After the war, he studied English and comparative literature at the University of California Santa Barbara, eventually earning his doctorate from Harvard University, where he studied under Francis Peabody Magoun. It was at Harvard that he was introduced to the work of Milman Parry and Albert Lord on the oral-formulaic theory of epic poetry, and he went on to become a passionate proponent of this theory throughout most of his critical works, culminating in his final publication (and sole book), A Key to Old Poems: The Oral-Formulaic Approach to the Interpretation of West-Germanic Verse (Penn State University Press, 1990)

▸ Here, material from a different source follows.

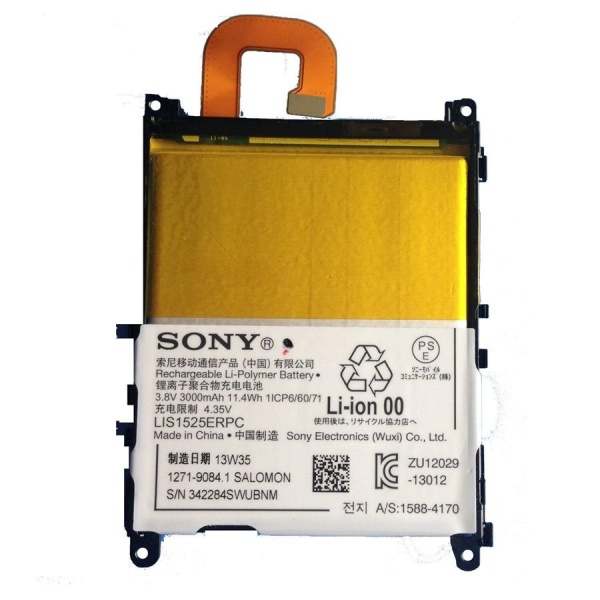 Sony Xperia Z1 LIS1525ERPC Replacement Battery - Image 2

In 1956, Renoir became a professor of the Department of English at the University of California, Berkeley, the institution where he was to remain for the rest of his career. In 1966, he founded the Department of Comparative Literature but returned to the Department of English some dozen years later. He was considered a leading scholar of medieval, and particularly, Old English, literature, and published many articles on Beowulf and other Old and Middle English poetry. In 1992, the oral-formulaic scholar John Miles Foley honored Renoir with the festschrift, De Gustibus: Essays for Alain Renoir.

After retiring from UC Berkeley in 1988, Renoir spent his last years running a small sustainable farm in north central California, doing much of the work himself.

With his wife, Jane, he had three children, John, Peter, and Anne.